Second, they have existing access to the lease documents. Implementing a lease abstraction platform requires reviewing the executed leases. Those same documents are the inputs for CAMAudit. There is no additional document collection phase for clients whose abstractions are already set up.

Third, they understand the lease structure well enough to review findings in context. A consultant who abstracted 50 leases in a portfolio knows which ones have complex gross-up provisions, which have CAM caps, and which have exclusion lists that need careful cross-referencing. That context makes the findings review faster and more defensible.

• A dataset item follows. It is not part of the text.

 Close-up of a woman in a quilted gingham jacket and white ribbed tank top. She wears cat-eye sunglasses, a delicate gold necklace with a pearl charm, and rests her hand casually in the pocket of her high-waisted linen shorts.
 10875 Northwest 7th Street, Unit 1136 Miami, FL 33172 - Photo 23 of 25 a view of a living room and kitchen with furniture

These advantages do not exist for a generalist consultant who decides to add CAM audit as a new service. They exist specifically for PropTech consultants who already work with commercial tenant lease portfolios.

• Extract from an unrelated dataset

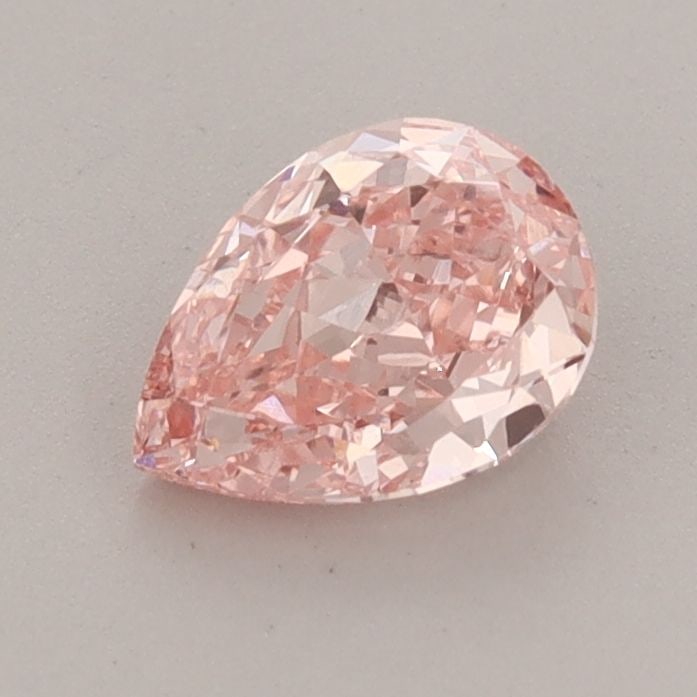 Loose Diamond - PEAR 0.81ct Fancy Vivid Pink VVS2: Loose Diamond - PEAR 0.81ct Fancy Vivid Pink VVS2 Source: This is a real non-mined Diamond that has been grown in a lab Shape: PEAR Carats: 0.81 Color: Fancy Vivid Pink Certification: IGI Video:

Frequently Asked Questions

Which PropTech platforms are tenant-side vs. landlord-side?

Tenant-side platforms include VTS (tenant rep and portfolio tracking), Lease Harbor (lease abstract and critical date management), and CoStar tenant tools. Landlord-side platforms include AppFolio, Entrata, Yardi Voyager, and Building Engines (now part of RealPage). Knowing which side a platform serves tells you whether it includes any obligation to verify the accuracy of landlord billing against lease terms.

Why don't tenant-side PropTech platforms include CAM compliance verification?

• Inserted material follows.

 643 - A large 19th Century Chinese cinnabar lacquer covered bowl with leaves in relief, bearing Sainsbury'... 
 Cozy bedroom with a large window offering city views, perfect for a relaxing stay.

Tenant-side platforms are built to track lease obligations, critical dates, and portfolio data. None of them ingest the landlord's annual reconciliation statement and compare it provision-by-provision against the executed lease. That comparison requires document extraction, rule-based detection logic, and domain-specific math. It is a separate workflow that tenant platforms have not productized.

How does CAMAudit fit alongside platforms like VTS or Lease Harbor?

CAMAudit operates as a point solution for the compliance layer. The tenant already has their lease data in VTS or Lease Harbor. When the annual reconciliation arrives, the consultant uploads the reconciliation statement and the relevant lease sections to CAMAudit. The detection engine runs 14 rules and returns a findings report within minutes. The workflow does not require replacing or deeply integrating with the existing platform.

How should a PropTech consultant position CAM audit to a commercial tenant client?

Position it as the compliance module the existing platform stack does not include. The client already invested in technology to manage their lease portfolio. CAMAudit adds the one capability missing from that stack: an automated check that the landlord's annual charges match what the lease actually permits. That framing lands well with tenants who have already embraced PropTech because they understand the value of structured verification.

What does white-label delivery look like for a PropTech consultant?

The consultant uploads documents to the CAMAudit white-label portal, which returns findings reports under the consultant's firm name and branding. The client receives a professional deliverable that looks like it came from the consultant's practice, not from a third-party tool. The CAMAudit engine runs in the background; the branded output is what the client sees.

What is the pricing range for a PropTech consultant adding white-label CAM audit?

Common pricing for CAM audit as an add-on to a PropTech implementation engagement runs $700 to $1,500 per location, depending on portfolio complexity and reconciliation year depth. A tenant with 10 locations who wants three years reviewed per location represents a $21,000 to $45,000 engagement at those rates. The CAMAudit white-label wholesale cost at the Growth tier is $35 per audit, making the margin on this pricing structure substantial.

Does the PropTech consultant need CRE or audit credentials to deliver this service?

No specific CRE or audit credentials are required. The CAMAudit detection engine handles the rule-based analysis. The consultant's role is to manage the document intake process, review findings with the client, and help the client understand the output relative to their lease terms. PropTech consultants who can read a lease and explain a data finding are already qualified to deliver this service.